Image-caption web data
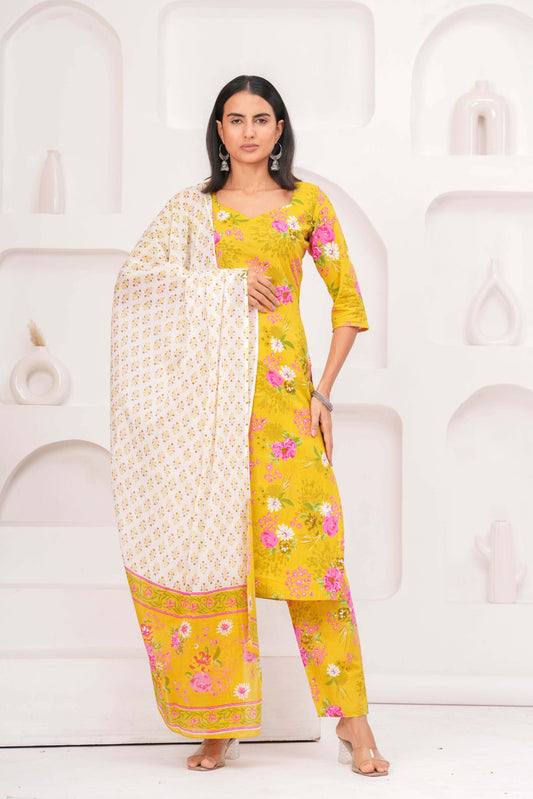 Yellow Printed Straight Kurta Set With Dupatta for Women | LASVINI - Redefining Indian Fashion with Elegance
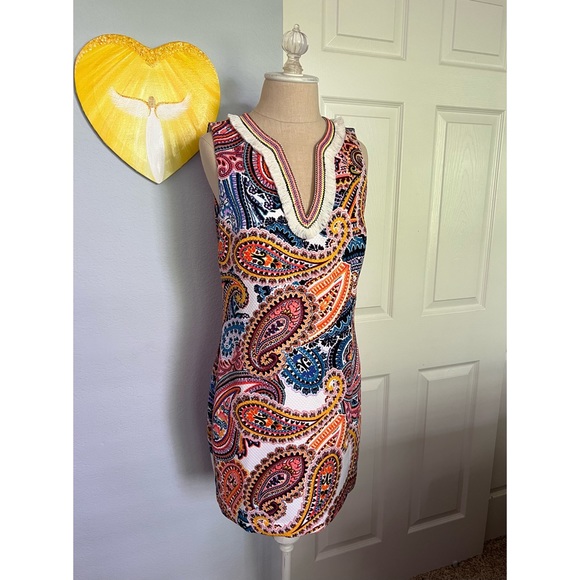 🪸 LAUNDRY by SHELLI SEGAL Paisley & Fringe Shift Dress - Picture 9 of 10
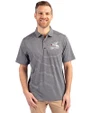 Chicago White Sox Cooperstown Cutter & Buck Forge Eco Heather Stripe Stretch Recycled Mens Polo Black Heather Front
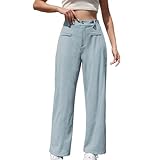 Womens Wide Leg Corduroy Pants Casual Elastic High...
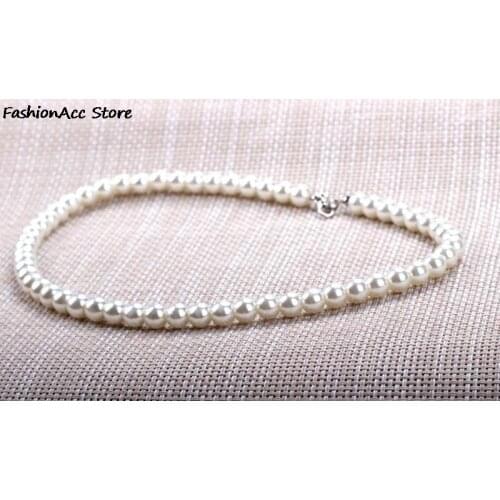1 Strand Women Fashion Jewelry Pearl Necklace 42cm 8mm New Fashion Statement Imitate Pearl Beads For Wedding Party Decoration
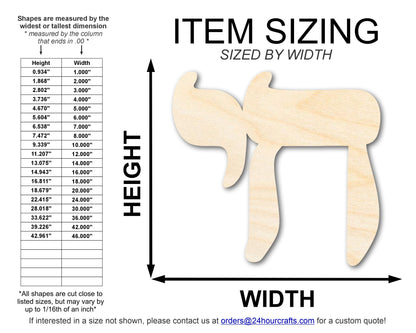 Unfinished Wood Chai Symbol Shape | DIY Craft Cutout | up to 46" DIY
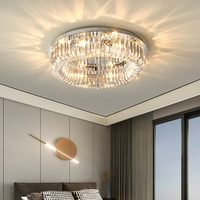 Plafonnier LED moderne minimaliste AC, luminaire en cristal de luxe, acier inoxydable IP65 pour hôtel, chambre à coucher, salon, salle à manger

▶ [Problem details]: Give all the records again, exactly, without images.

▶ [Solution for this problem]:
 Yellow Printed Straight Kurta Set With Dupatta for Women | LASVINI - Redefining Indian Fashion with Elegance
 🪸 LAUNDRY by SHELLI SEGAL Paisley & Fringe Shift Dress - Picture 9 of 10
 Chicago White Sox Cooperstown Cutter & Buck Forge Eco Heather Stripe Stretch Recycled Mens Polo Black Heather Front
 Womens Wide Leg Corduroy Pants Casual Elastic High...
1 Strand Women Fashion Jewelry Pearl Necklace 42cm 8mm New Fashion Statement Imitate Pearl Beads For Wedding Party Decoration
 Unfinished Wood Chai Symbol Shape | DIY Craft Cutout | up to 46" DIY
 Plafonnier LED moderne minimaliste AC, luminaire en cristal de luxe, acier inoxydable IP65 pour hôtel, chambre à coucher, salon, salle à manger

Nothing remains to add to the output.